There's still room for improvement though;  I'm working on it.

Comment 3 Nicholas Nethercote 2004-08-05 14:31:18 UTC

More data:  a user with a 2GB/2GB user/kernel split was having problems because
Valgrind was unable to load stage2 at 0xb0000000--0xbfffffff.  Changing Valgrind
to load at 0x70000000--0x7fffffff works to an extent;  Addrcheck, Massif and Cachegrind work, but Memcheck and Helgrind don't because they use so much memory
that 0x40000000 isn't available to the client, so standard mmap() calls fail.

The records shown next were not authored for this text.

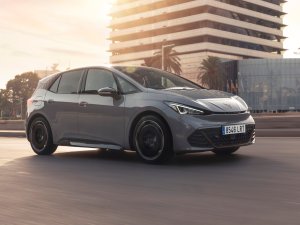Deze premium elektrische auto is ineens goedkoper dan z’n volkse broertje – maar let op het addertje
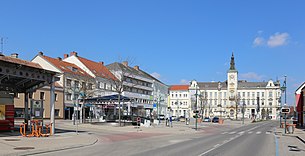 Nördlicher Teil des Hauptplatzes mit dem 1901 errichteten Rathaus als Abschluss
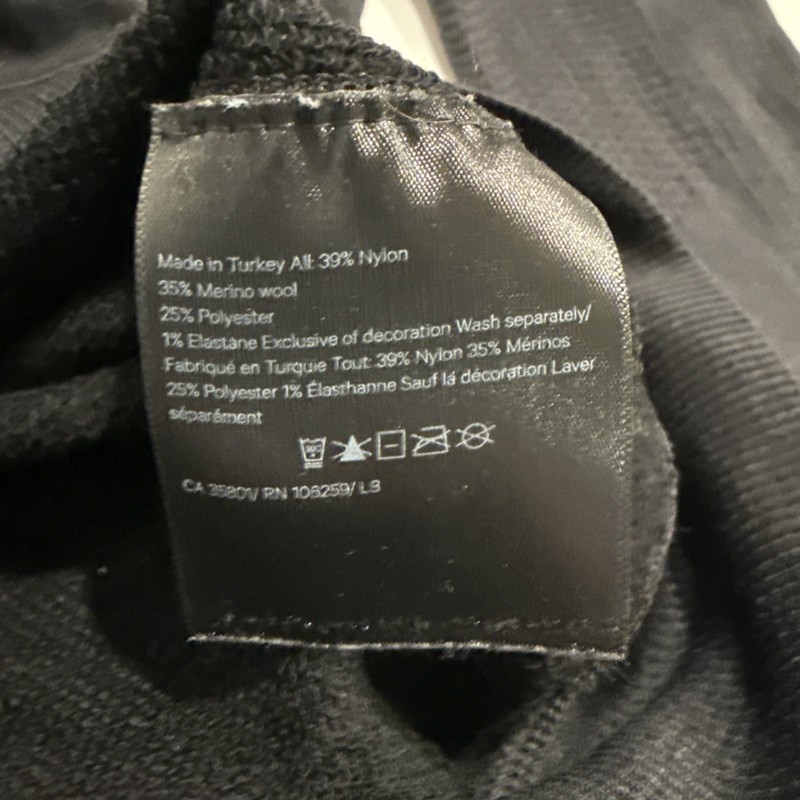 Lululemon Men's Engineered Warmth Base Layer Merino Wool Blend Long Sleeve Small gallery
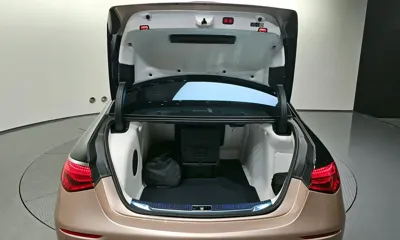Mercedes-Benz S-Class 2023, 996 км, за 270895.24 USD - фото 20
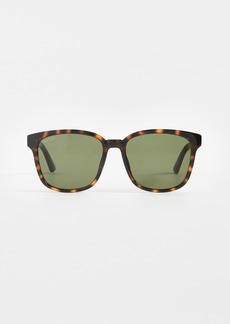 Gucci Logo Classic Wayfarer Sunglasses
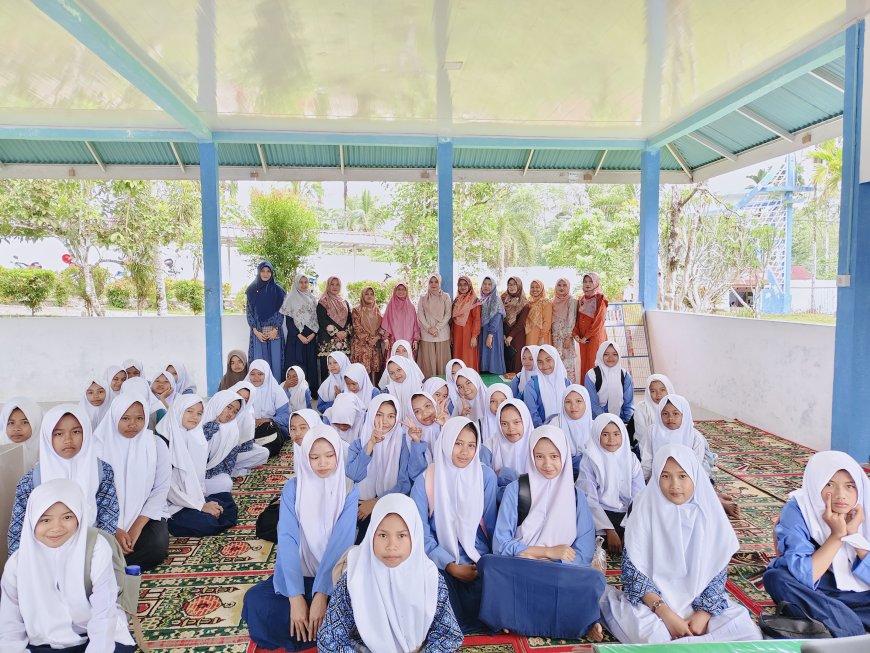 Membangun Karakter Muslimah melalui Forum Anisa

Also, the hard-wiring to 0xb0000000 means that systems with 4GB user-space are
not utilising the top 1GB.

Comment 4 Nicholas Nethercote 2004-08-31 15:12:12 UTC

More data: Julian had problems with Memcheck and Helgrind on a stock RH8.0 (kernel 2.4.18-14).  The big shadow memory mmap() was failing at startup.  Problem seemed to be that the kernel didn't support allocate-on-write mmap segments, and so it refused to mmap() a segment larger than the available swap space.  Increasing the swap space to 1.9GB (Memcheck requires about 1.5GB for shadow memory) made it work.  We've had a few similar complaints that could have had the same cause.

So, that's a black mark against the use of really big mapped segments;  an incremental approach may well be better.

Comment 5 Nicholas Nethercote 2004-10-28 18:53:08 UTC

The problem from comment #3 has been partly fixed:  we are now building Valgrind as a position-independent executable (PIE) on systems that support it (ie. ones with more recent versions of gcc and ld).  This means that systems that don't
have the standard 3G:1G user/kernel split work better.

Comment 6 Nicholas Nethercote 2005-01-31 22:13:06 UTC

More data:  a number of users have had problems with symbols not being read from big files.  It seems 300MB+ executables are not that uncommon;  one user had a 900MB executable.

Incremental loading of symbols would seem to be the right way to handle this.

Comment 7 Nicholas Nethercote 2005-03-11 00:08:24 UTC

*** Bug 101271 has been marked as a duplicate of this bug. ***

Comment 8 Nicholas Nethercote 2005-10-05 22:57:17 UTC

Julian's aspacem rewrite has fixed this.  Eg. see the resolution for bug #92071 which was about the large debug info problem.  Good work Julian!